TASK TO CARRY OUT –
In this exercise, print only the lines from the line with "9 E 81st Pl, Denver, CO 80221" to the last line of the data below, inclusive. Any pictures should be left out.

DATA FOR THIS TASK –

--------------------------------------------------

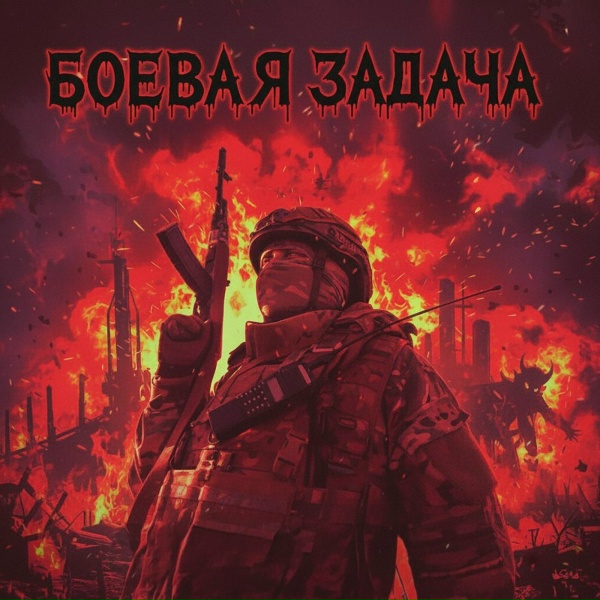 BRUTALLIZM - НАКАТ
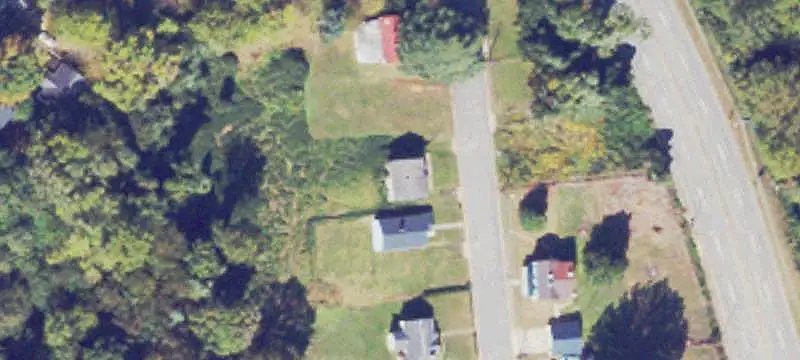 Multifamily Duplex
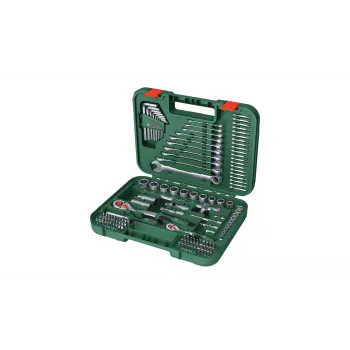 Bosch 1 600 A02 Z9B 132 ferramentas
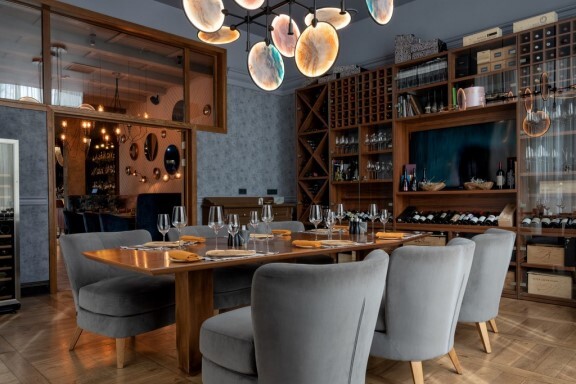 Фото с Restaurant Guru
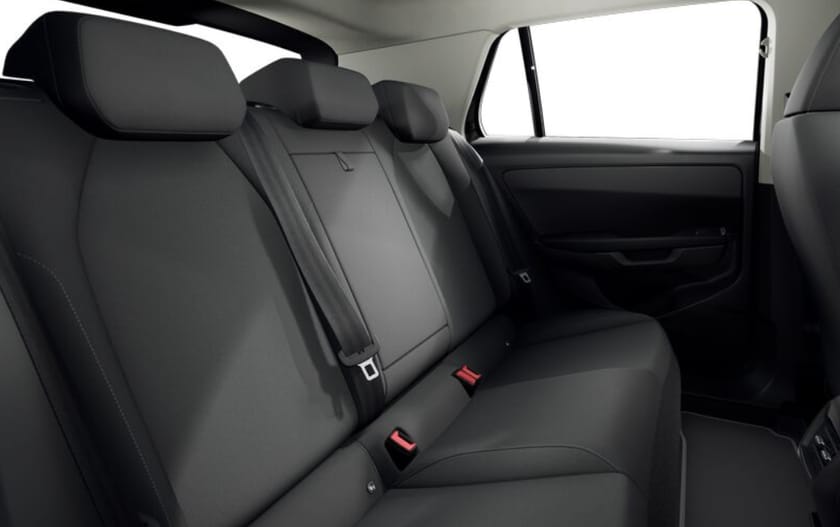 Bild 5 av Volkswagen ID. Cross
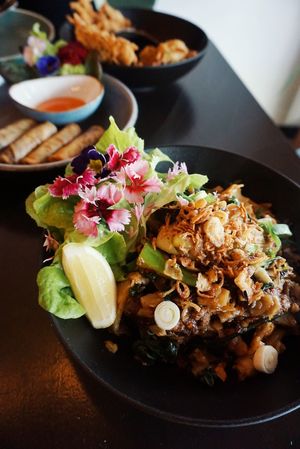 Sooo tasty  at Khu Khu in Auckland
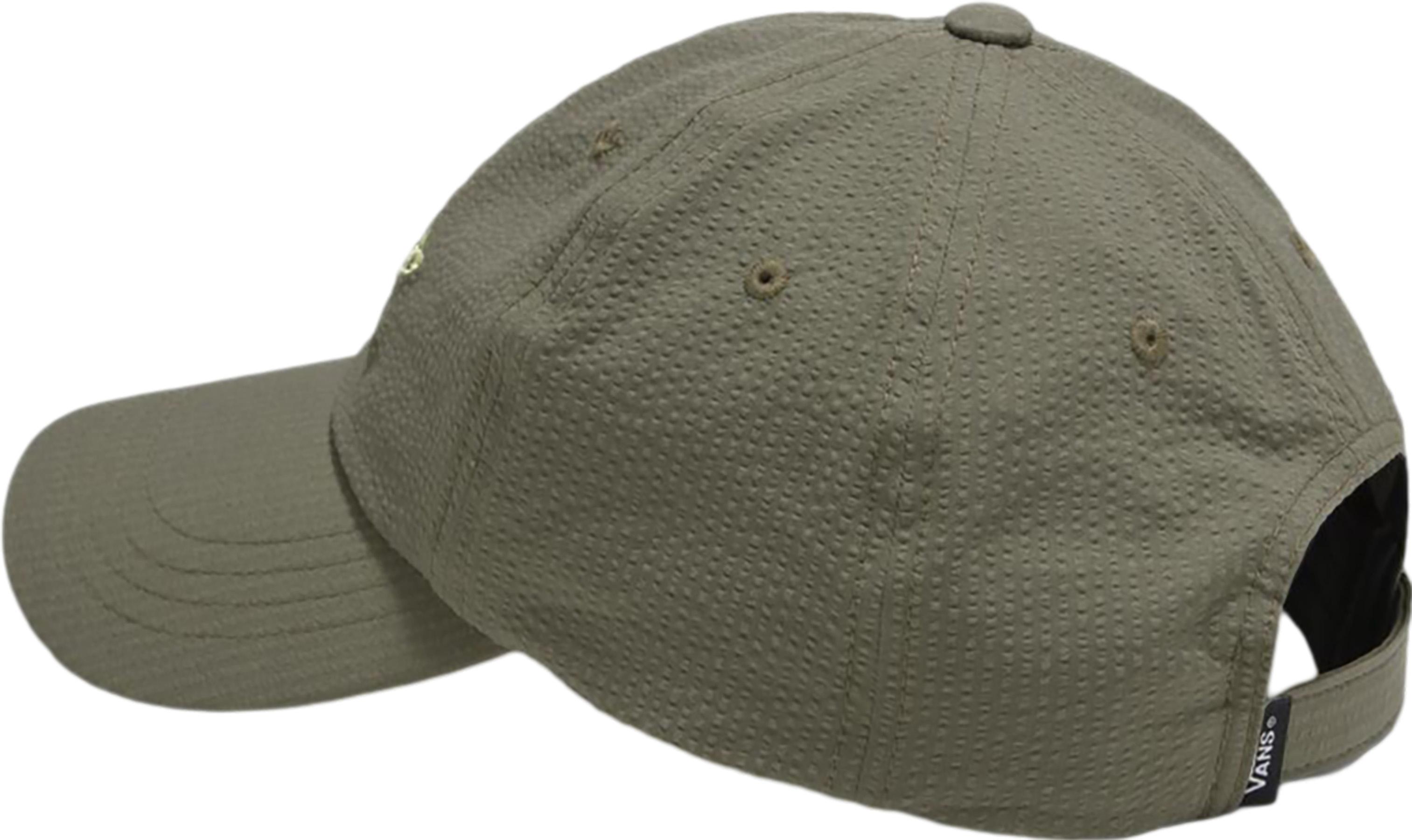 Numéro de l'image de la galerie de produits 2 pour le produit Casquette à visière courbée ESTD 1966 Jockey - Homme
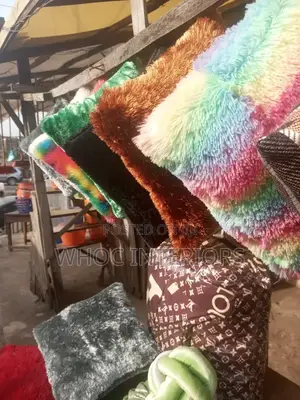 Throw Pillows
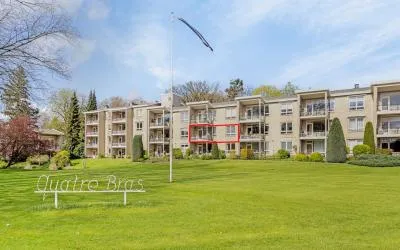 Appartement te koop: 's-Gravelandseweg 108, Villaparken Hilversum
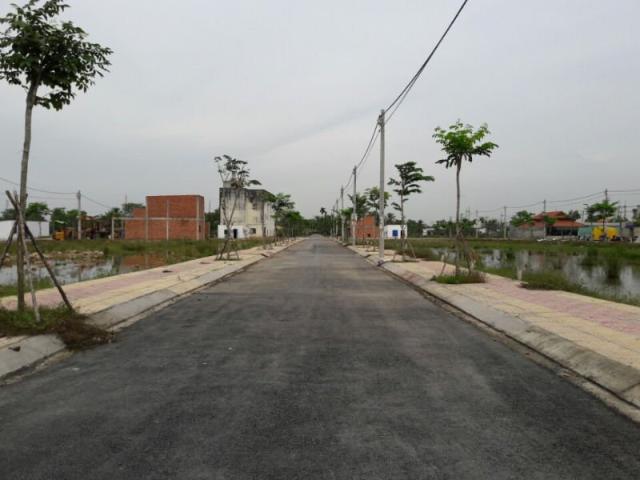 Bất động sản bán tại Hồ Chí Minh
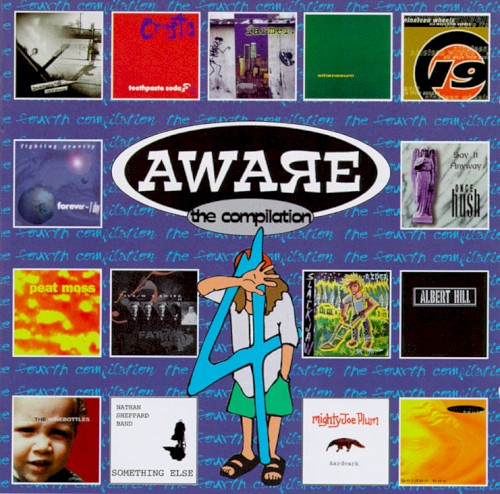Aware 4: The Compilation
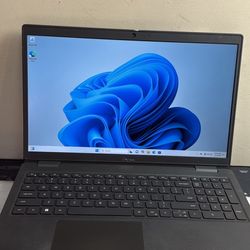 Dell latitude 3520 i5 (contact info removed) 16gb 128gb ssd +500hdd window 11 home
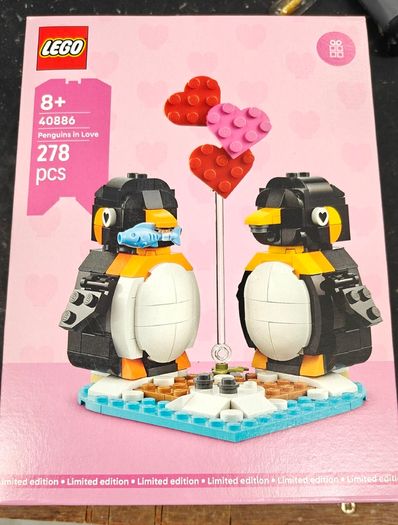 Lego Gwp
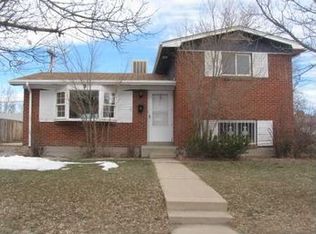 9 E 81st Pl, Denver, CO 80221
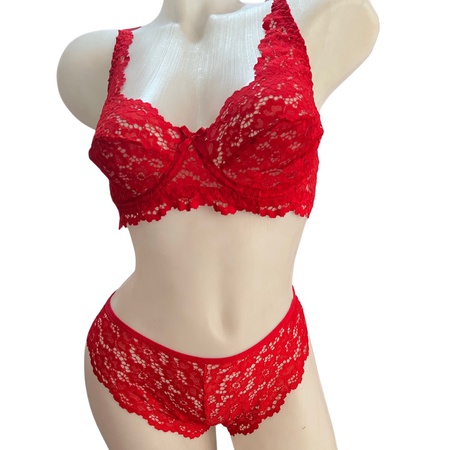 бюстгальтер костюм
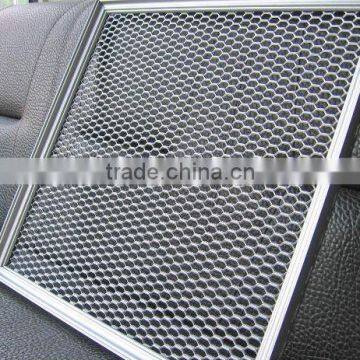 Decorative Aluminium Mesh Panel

--------------------------------------------------

PROBLEM SOLUTION –
 9 E 81st Pl, Denver, CO 80221
 бюстгальтер костюм
 Decorative Aluminium Mesh Panel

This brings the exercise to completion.